Чтение онлайн

ЖАНРЫ

Мерецков. Мерцающий луч славы
Шрифт:

–  Чьи лекции вам больше всего нравятся?
– неожиданно спросил Снесарёв.

Мерецков смутился, однако заметил, что преподаватели и лекторы в академии весьма известны в войсках, им есть что сказать, есть чему научить молодых генштабистов и трудно выделить из них кого-либо.

–  Хитрите, товарищ Мерецков!
– Снесарёв лукаво повёл бровью.
– А чему вы научились за это время?

Мерецков ответил, что за прошедших два курса учёбы он понял главное: ведение войны - это и наука, и искусство, причём искусство сложное, требующее не только максимальной отдачи сил, но и серьёзных знаний, творческого их применения.

–  А если у человека есть природные способности, разве не может он применить

их в сражении?
– задал вопрос Снесарёв.
– Я приведу вам два имени - Василий Чапаев и Семён Будённый. Весьма одарённые личности. Разве мало побед одержали они в Гражданской войне?

–  Факт, много, - согласился Мерецков.
– И воевали они не но шаблону, у каждого был свой стиль, свой почерк в бою. Но я считаю, что, как бы человек ни был одарён в военном деле, не всё зависит от природной смётки. Надо ещё иметь теоретические знания, чтобы в любой ситуации принять в бою правильное решение. Потому-то я был рад, когда меня направили на учёбу в Академию Генштаба.
– Кирилл Афанасьевич помедлил, ожидая, не возразит ли ему Снесарёв, но тот молчал, о чём-то задумавшись.
– Вот вы спросили, кто из преподавателей или лекторов мне по душе. Мне нравятся лекции профессора стратегии Свечина, профессора истории военного искусства Новицкого. Мы с ними изучали опыт Первой мировой войны. Что я вынес из их лекций для себя? В военном деле надо избегать шаблона, стремиться творчески подходить к проведению любой операции, даже самой небольшой, потому что, как любит говорить профессор Свечин, «из малого вырастает большое».

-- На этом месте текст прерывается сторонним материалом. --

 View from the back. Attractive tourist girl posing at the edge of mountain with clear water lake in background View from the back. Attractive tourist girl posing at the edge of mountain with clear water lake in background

–  Чем вы занимались, когда воевали в Первой конной армии?
– Снесарёв закурил и протянул папиросы Мерецкову.
– Хотите?

Мерецков тоже закурил, затянулся, слегка кашлянув.

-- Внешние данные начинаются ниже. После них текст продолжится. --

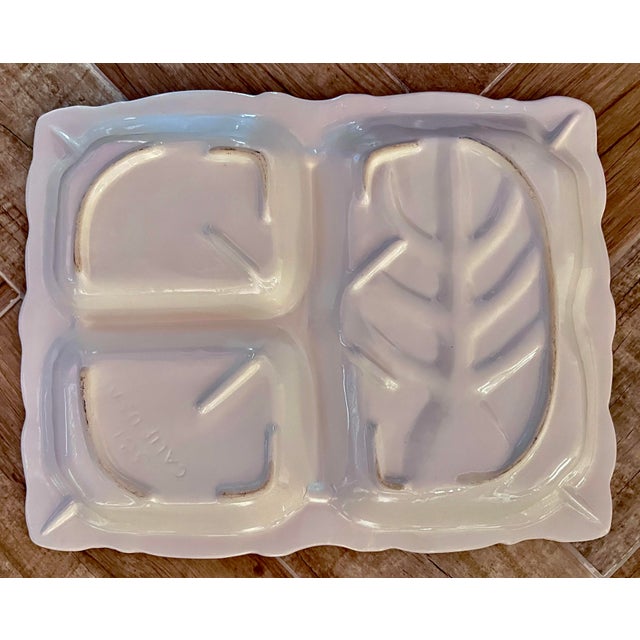 This vintage California Pottery serving platter features a solid white ceramic design with three compartments, perfect for...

–  Чем я занимался? Рубил шашкой, как и все.

–  Я не о рубке, Кирилл Афанасьевич, - усмехнулся Снесарёв.
– За какой участок работы вы отвечали?

–  Ах вот вы о чём! Занимался разведкой. Знать противника, его силы и средства в предстоящем бою - это же очень важно!

–  Это ключ к победе!
– Снесарёв скосил на Мерецкова карие глаза.
– Вот мы говорили о неудаче войск Красной Армии во Львовской операции. Там сыграл отрицательную роль фактор времени. А ведь на войне время - немаловажный элемент в достижении победы. Его высоко ценили полководцы прошлого. Одна минута, говорил Суворов, решает исход баталии, один час - успех кампании, один день - судьба империи.

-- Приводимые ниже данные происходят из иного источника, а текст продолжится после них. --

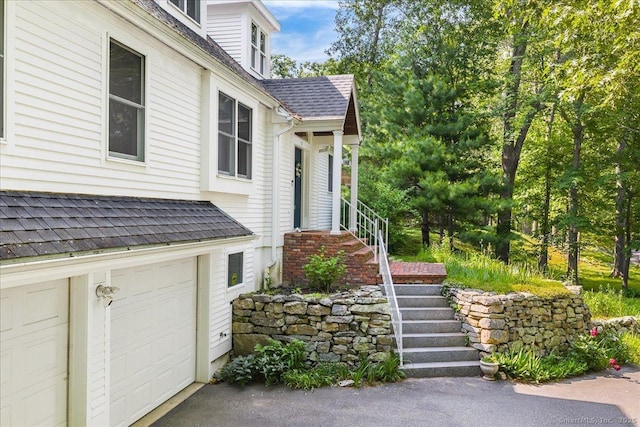 37 Skyline Dr, Groton, CT 06340 - doorway to property with an attached garage, a shingled roof, and driveway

–  Я хорошо запомнил афоризм Наполеона: «Идите, бейте и не забывайте, что мир сотворён в шесть дней».

Снесарёв говорил о Львовской операции так, словно сам принимал в ней участие. И всё же Мерецков считал, что во всей этой истории есть вина Тухачевского. Разве Западный фронт, наступавший на Варшаву, действовал безупречно? Вот бы задать этот вопрос самому Тухачевскому!

И вскоре такая возможность слушателям представилась. После лекции о психологии широких народных масс во время революций и крупных войн, которую читал профессор Рейснер, Кирилл Афанасьевич задержался в аудитории.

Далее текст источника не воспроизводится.